DeepLabV3Backbone model

[source]

DeepLabV3Backbone class

keras_hub.models.DeepLabV3Backbone(
    image_encoder,
    spatial_pyramid_pooling_key,
    upsampling_size,
    dilation_rates,
    low_level_feature_key=None,
    projection_filters=48,
    image_shape=(None, None, 3),
    **kwargs
)

DeepLabV3 & DeepLabV3Plus architecture for semantic segmentation.

This class implements a DeepLabV3 & DeepLabV3Plus architecture as described in Encoder-Decoder with Atrous Separable Convolution for Semantic Image Segmentation(ECCV 2018) and Rethinking Atrous Convolution for Semantic Image Segmentation(CVPR 2017)

Arguments

  • image_encoder: keras.Model. An instance that is used as a feature extractor for the Encoder. Should either be a keras_hub.models.Backbone or a keras.Model that implements the pyramid_outputs property with keys "P2", "P3" etc as values. A somewhat sensible backbone to use in many cases is the keras_hub.models.ResNetBackbone.from_preset("resnet_v2_50").
  • projection_filters: int. Number of filters in the convolution layer projecting low-level features from the image_encoder.
  • spatial_pyramid_pooling_key: str. A layer level to extract and perform spatial_pyramid_pooling, one of the key from the image_encoder pyramid_outputs property such as "P4", "P5" etc.
  • upsampling_size: int or tuple of 2 integers. The upsampling factors for rows and columns of spatial_pyramid_pooling layer. If low_level_feature_key is given then spatial_pyramid_poolings layer resolution should match with the low_level_features layer resolution to concatenate both the layers for combined encoder outputs.
  • dilation_rates: list. A list of integers for parallel dilated conv applied to SpatialPyramidPooling. Usually a sample choice of rates are [6, 12, 18].
  • low_level_feature_key: str optional. A layer level to extract the feature from one of the key from the image_encoders pyramid_outputs property such as "P2", "P3" etc which will be the Decoder block. Required only when the DeepLabV3Plus architecture needs to be applied.
  • image_shape: tuple. The input shape without the batch size. Defaults to (None, None, 3).

Example

# Load a trained backbone to extract features from it's `pyramid_outputs`.
image_encoder = keras_hub.models.ResNetBackbone.from_preset("resnet_50_imagenet")

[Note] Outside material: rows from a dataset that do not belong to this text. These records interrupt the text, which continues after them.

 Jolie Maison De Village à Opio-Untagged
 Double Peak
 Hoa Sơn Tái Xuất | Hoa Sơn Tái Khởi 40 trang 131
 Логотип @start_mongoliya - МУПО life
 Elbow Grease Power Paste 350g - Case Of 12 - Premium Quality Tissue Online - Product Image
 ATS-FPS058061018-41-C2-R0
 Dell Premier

model = keras_hub.models.DeepLabV3Backbone(
    image_encoder=image_encoder,
    projection_filters=48,
    low_level_feature_key="P2",
    spatial_pyramid_pooling_key="P5",
    upsampling_size = 8,
    dilation_rates = [6, 12, 18]
)

[source]

from_preset method

DeepLabV3Backbone.from_preset(preset, load_weights=True, **kwargs)

Instantiate a keras_hub.models.Backbone from a model preset.

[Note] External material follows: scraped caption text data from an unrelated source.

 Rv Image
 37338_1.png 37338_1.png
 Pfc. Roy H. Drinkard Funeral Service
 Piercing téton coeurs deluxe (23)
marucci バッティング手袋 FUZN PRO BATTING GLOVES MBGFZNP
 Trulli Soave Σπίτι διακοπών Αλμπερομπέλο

A preset is a directory of configs, weights and other file assets used to save and load a pre-trained model. The preset can be passed as a one of:

  1. a built-in preset identifier like 'bert_base_en'
  2. a Kaggle Models handle like 'kaggle://user/bert/keras/bert_base_en'
  3. a Hugging Face handle like 'hf://user/bert_base_en'
  4. a path to a local preset directory like './bert_base_en'

This constructor can be called in one of two ways. Either from the base class like keras_hub.models.Backbone.from_preset(), or from a model class like keras_hub.models.GemmaBackbone.from_preset(). If calling from the base class, the subclass of the returning object will be inferred from the config in the preset directory.

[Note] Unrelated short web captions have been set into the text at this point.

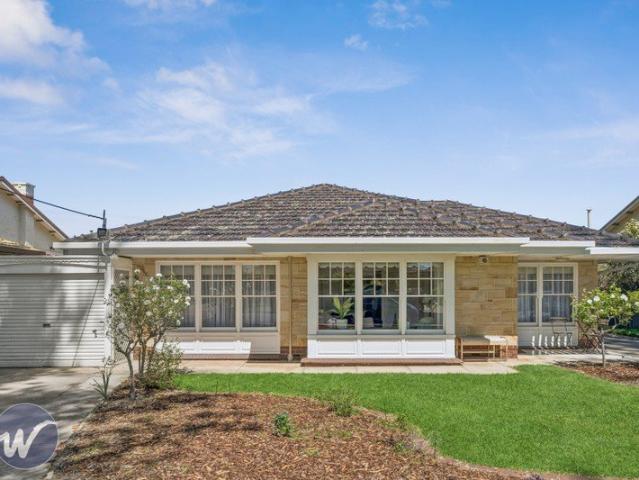 Apartment for sale in Glenelg East, Adelaide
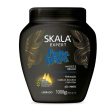 Skala Lama Negra Conditioning Treatment Cream 1000g Sale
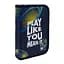Набор коллекционный Yes H-100_Collection Your Goal - миниатюра 7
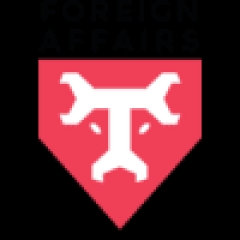 foreignaffairsauto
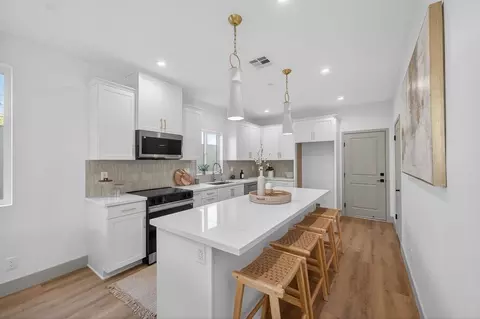 Other - 15538 Colorado Ave, Paramount, CA 90723 photo 4 of 13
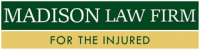 Madison Law Associates, LLC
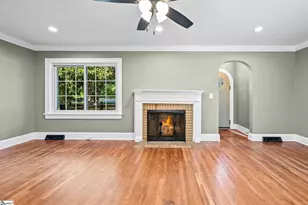 909 W Georgia Rd, Woodruff, SC 29388 - Photo 37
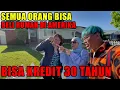 Download Lagu BELI RUMAH BUAT CINTA KULIAH DI AMERIKA
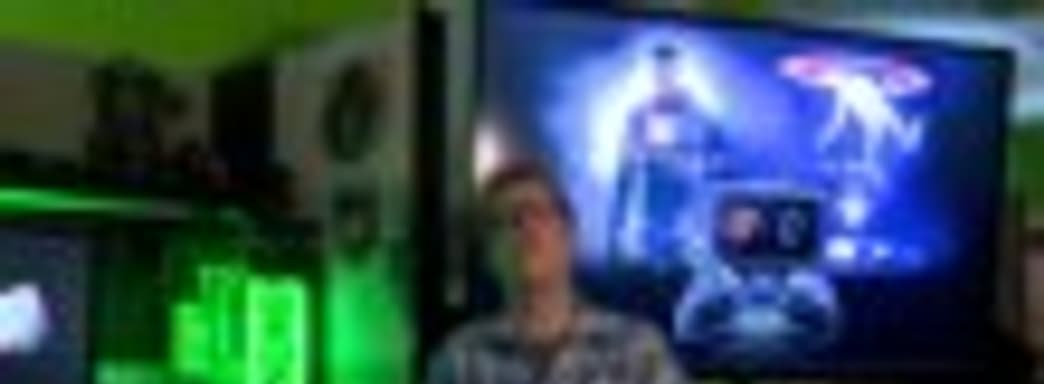 Portal и Half-Life 2 вышли на Shield 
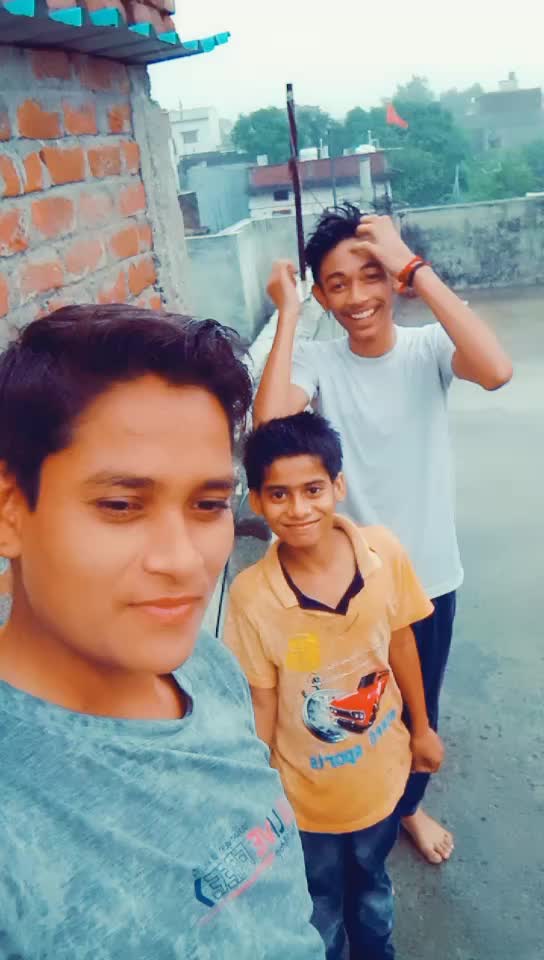@Abhilash Mohni Rajak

For any Backbone subclass, you can run cls.presets.keys() to list all built-in presets available on the class.

Arguments

  • preset: string. A built-in preset identifier, a Kaggle Models handle, a Hugging Face handle, or a path to a local directory.
  • load_weights: bool. If True, the weights will be loaded into the model architecture. If False, the weights will be randomly initialized.

Examples

# Load a Gemma backbone with pre-trained weights.
model = keras_hub.models.Backbone.from_preset(
    "gemma_2b_en",
)

# Load a Bert backbone with a pre-trained config and random weights.
model = keras_hub.models.Backbone.from_preset(
    "bert_base_en",
    load_weights=False,
)
Preset Parameters Description
deeplab_v3_plus_resnet50_pascalvoc 39.19M DeepLabV3+ model with ResNet50 as image encoder and trained on augmented Pascal VOC dataset by Semantic Boundaries Dataset(SBD)which is having categorical accuracy of 90.01 and 0.63 Mean IoU.